I wonder if Kizaru wanted to die when he offered to go to Wano


----------



## Seraphoenix (Nov 2, 2018)

Kizaru admitted that victory or defeat could be decided in a single moment with Marco. The equivalent of Marco in Luffy just got one-shot while doing no damage so connect the dots.

Reactions: Winner 1


----------



## A Optimistic (Nov 2, 2018)

Kizaru couldn't even get past an exhausted, out of shape old man....atleast make it Akainu so I somehow defend the Team Admiral with a straight face.


----------



## Sherlōck (Nov 2, 2018)

Extreme difficulty win for Kaido.


----------



## God Movement (Nov 2, 2018)

It'll never be anything less than extreme difficulty at this level. But I've maintained that Akainu ≈ Shanks ≈ Kaido ≈ Mihawk. So Kaido.

Reactions: Like 2


----------



## Blacku (Nov 2, 2018)

After Analyzing every panel of this chapter, I have come the conclusion that Kizaru would not be able to solo the BM and Kaido tag team with anything less than Extreme difficulty.


----------



## Donquixote Doflamingo (Nov 2, 2018)

LightSpeed Kick to the balls.

GG.


*Spoiler*: __ 



"Kaidou High diff"]


----------



## Milkomeda (Nov 2, 2018)

Kizaru flys into Kaidos bat at the speed of light. Kizaru gets knocked all the way to Raftel


----------



## Shiba D. Inu (Nov 2, 2018)

Kizaru makes a light club


Stalemate


----------



## X18999 (Nov 2, 2018)

Extreme because it'll be tough for Kaidou to chase down a fleeing Kizaru.


----------



## Magentabeard (Nov 2, 2018)

Kaidou with mid or upper mid difficulty


----------



## Phantom Thief (Nov 2, 2018)

Kaido with high-difficulty.


----------



## Quipchaque (Nov 2, 2018)

Have you ever seen a man run away at the speed of light?

Reactions: Like 6


----------



## T.D.A (Nov 2, 2018)

Kizaru was shook by Ben Beckmann's gun.


----------



## Djomla (Nov 2, 2018)

Seraphoenix said:


> Kizaru admitted that victory or defeat could be decided in a single moment with Marco. The equivalent of Marco in Luffy just got one-shot while doing no damage so connect the dots.

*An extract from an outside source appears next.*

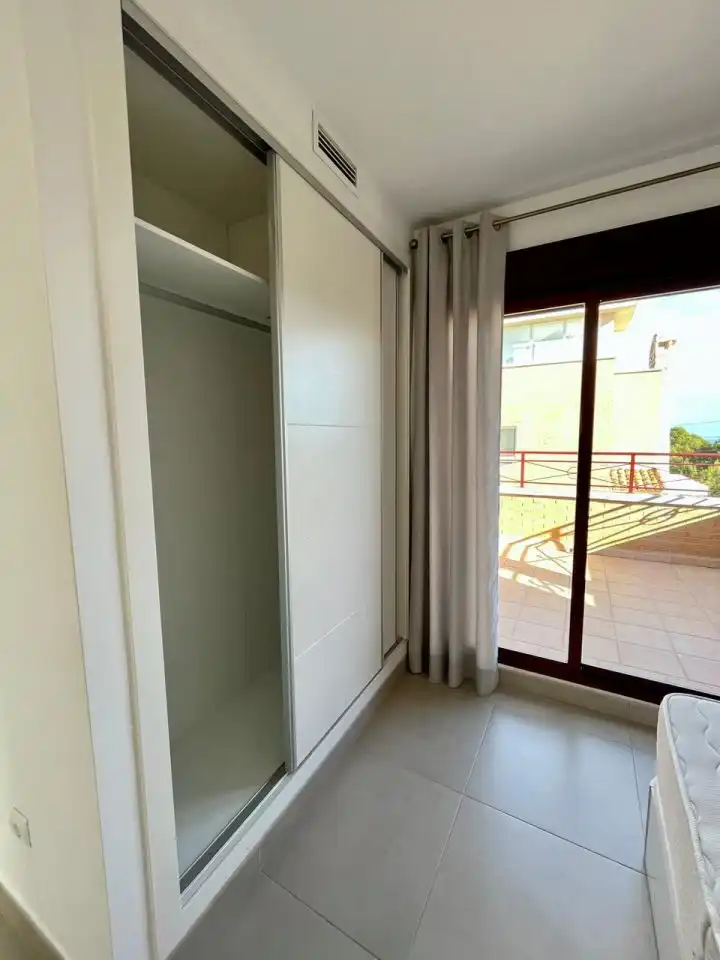 Habitación de Casa o chalet en venta en La Nucia con Aire acondicionado, Calefacción y Terraza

No, he didn't. Kizaru is a troll. Same happened with Beckman. He trolled him and gave up but in the next panel didn't give a darn about him and just continue attacking.

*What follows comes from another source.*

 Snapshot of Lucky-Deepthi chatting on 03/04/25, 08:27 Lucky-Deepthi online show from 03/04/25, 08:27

Emperors can fight Admirals and that's it. Commanders are leagues below.

Anyway a fight between Admiral and Emperor can go either way. Best to wait and actually see any of them fighting seriously on panel and decide.


----------



## Seraphoenix (Nov 2, 2018)

Djomla said:


> No, he didn't. Kizaru is a troll. Same happened with Beckman. He trolled him and gave up but in the next panel didn't give a darn about him and just continue attacking.
> 
> Emperors can fight Admirals and that's it. Commanders are leagues below.
> 
> Anyway a fight between Admiral and Emperor can go either way. Best to wait and actually see any of them fighting seriously on panel and decide.


Give evidence that Kizaru was not being serious there. This 'troll' thing is a nice little tool you guys use to discount anything he says.

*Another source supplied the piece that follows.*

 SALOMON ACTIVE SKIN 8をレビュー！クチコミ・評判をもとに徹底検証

Next panel???? You're outright lying now. Reread that chapter. He only attacked after Beckmann left the area.


----------



## Kylo Ren (Nov 2, 2018)

Djomla said:


> Best to wait and actually see any of them fighting seriously on panel and decide.


what's there to wait   Don't pretend now that WB vs Akainu didn't happen.


----------



## charles101 (Nov 2, 2018)

Gion would be an Admiral finally.


----------



## YoshiPower (Nov 2, 2018)

More interested in VS Shanks tbh. Imagine the lil man tanking Kaidous hit


----------



## TheWiggian (Nov 2, 2018)

Kaidou high (mid-high) diff just like Fuji.


----------



## Lord Stark (Nov 2, 2018)

Seraphoenix said:


> Kizaru admitted that victory or defeat could be decided in a single moment with Marco. The equivalent of Marco in Luffy just got one-shot while doing no damage so connect the dots.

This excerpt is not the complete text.